At the Oct. 13 meeting I discouraged the task force from going in the direction of Madison's ordinance, and others there, including UNC grad student Barbie Schalmo, understood the point. My complaint is not so much about the legal implications--in the conservative Fourth Circuit such a law might well pass constitutional scrutiny under the relevant set of questions. My complaint echoes that of moral philosopher Uma Narayan in The Ethics of Homelessness. When you begin to regulate panhandling according to people's perceptions of the panhandlers, as opposed to specifically "aggressive" behavioral characteristics, you have just about said that panhandling itself is "inherently harassing." She continues,
I believe that justifying a ban on begging on the basis of morally problematic public sensibilities, on stereotypes, prejudiced antipathies, and misplaced resentment, violates what [philosopher] Richard Mohr calls the Dreyfus Principle. The principle says "[s]tigmas that are entirely socially induced shall not play a part in our rational moral deliberation," and rules out using discriminatory sentiments held by people as a good reason for institutionalizing further discrimination.
Narayan thus argues, and I agree, that a concern that the presence of panhandlers in a downtown district discourages foot-traffic and therefore undermines the economic health of downtown is not a morally valid reason for the further regulation of panhandling.

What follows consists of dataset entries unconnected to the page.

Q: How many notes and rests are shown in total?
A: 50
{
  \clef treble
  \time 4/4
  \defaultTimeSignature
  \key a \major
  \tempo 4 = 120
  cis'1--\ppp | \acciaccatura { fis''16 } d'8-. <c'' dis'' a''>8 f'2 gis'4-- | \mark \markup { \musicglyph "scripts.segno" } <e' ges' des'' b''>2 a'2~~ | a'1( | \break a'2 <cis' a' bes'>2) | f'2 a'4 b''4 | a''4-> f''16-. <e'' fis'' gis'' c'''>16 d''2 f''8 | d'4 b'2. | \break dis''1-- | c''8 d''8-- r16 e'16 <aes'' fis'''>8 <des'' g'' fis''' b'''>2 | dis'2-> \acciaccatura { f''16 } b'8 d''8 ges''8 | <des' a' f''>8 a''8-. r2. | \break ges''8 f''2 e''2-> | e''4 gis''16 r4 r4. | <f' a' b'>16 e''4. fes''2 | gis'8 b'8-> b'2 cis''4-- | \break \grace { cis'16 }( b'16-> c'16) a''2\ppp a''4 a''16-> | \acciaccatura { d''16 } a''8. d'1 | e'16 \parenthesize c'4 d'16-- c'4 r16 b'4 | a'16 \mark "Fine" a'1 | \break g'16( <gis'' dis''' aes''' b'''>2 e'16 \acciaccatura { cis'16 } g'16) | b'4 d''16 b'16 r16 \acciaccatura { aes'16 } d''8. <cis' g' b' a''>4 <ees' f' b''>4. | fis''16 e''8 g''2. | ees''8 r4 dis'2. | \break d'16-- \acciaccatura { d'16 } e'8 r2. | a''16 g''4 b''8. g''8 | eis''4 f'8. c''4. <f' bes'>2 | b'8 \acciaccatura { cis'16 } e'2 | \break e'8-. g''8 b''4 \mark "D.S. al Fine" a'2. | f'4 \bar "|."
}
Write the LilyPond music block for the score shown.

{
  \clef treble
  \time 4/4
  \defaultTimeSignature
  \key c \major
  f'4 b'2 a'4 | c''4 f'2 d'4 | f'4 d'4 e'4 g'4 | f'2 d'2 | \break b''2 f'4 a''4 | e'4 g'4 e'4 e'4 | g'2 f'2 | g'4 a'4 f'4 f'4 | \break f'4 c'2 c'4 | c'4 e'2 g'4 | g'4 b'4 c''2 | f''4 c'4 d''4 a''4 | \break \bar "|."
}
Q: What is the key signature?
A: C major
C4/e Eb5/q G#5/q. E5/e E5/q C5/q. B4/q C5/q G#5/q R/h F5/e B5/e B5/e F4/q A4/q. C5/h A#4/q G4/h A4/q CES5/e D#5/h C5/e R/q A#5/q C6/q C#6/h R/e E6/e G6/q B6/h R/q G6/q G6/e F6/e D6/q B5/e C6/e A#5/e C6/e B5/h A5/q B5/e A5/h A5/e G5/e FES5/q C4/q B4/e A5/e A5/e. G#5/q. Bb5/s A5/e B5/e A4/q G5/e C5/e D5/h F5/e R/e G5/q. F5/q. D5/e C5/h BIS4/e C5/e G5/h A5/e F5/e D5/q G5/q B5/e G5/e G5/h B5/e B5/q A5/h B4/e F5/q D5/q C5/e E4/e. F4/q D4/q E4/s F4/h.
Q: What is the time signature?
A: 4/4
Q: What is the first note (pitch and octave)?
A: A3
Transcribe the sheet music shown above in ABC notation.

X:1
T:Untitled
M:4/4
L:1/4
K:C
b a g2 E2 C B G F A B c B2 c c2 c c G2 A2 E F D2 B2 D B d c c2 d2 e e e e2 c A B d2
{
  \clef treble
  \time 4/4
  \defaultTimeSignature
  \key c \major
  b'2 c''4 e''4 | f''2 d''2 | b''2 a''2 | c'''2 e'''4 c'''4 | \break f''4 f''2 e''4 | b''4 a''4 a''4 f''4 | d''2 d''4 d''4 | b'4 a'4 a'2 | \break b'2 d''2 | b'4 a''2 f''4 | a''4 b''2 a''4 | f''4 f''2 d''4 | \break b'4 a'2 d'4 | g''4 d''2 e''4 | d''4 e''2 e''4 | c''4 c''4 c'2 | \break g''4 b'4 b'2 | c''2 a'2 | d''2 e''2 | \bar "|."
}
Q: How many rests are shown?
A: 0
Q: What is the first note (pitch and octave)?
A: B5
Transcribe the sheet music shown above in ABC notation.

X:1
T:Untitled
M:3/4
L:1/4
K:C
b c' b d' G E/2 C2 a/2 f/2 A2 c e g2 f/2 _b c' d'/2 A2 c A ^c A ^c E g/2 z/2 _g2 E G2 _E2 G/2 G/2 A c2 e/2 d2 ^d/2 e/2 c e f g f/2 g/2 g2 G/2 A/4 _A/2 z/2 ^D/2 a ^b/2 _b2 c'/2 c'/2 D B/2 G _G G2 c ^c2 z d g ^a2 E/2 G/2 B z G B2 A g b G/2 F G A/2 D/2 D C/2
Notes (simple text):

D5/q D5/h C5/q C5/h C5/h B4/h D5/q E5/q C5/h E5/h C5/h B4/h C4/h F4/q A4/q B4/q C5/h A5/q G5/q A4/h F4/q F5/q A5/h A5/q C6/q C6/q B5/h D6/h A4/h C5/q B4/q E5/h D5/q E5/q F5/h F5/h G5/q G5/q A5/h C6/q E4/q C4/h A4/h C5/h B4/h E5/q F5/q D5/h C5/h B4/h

On the other hand, the impulse behind the idea of the giving kiosk had much to recommend itself. I think it represented a genuine wish to be helpful, to reach out as a community to help those in need. The trouble is that we don't have natural connections with panhandlers; they appear to us as strangers, one at a time, seemingly cut off from the community. We really don't know what a pandhandler will do with the dollar we give him, and we have reason to fear the worst. The initiatives that the Downtown Outreach Work Group is about to embark on are potentially good ones--as long as they include a recognition that in the end we cannot control the lives or wills of others, that not every panhandler is dishonest or deceitful, that there is genuine need staring us in the face. (The Denver program's home page is pretty harsh: a picture of an upturned palm, inscribed, "Please help. Don't give.")
Edwin Lanier, for example, son of a former mayor of Chapel Hill, is a recovering alcoholic and a panhandler who is homeless--by his own choice.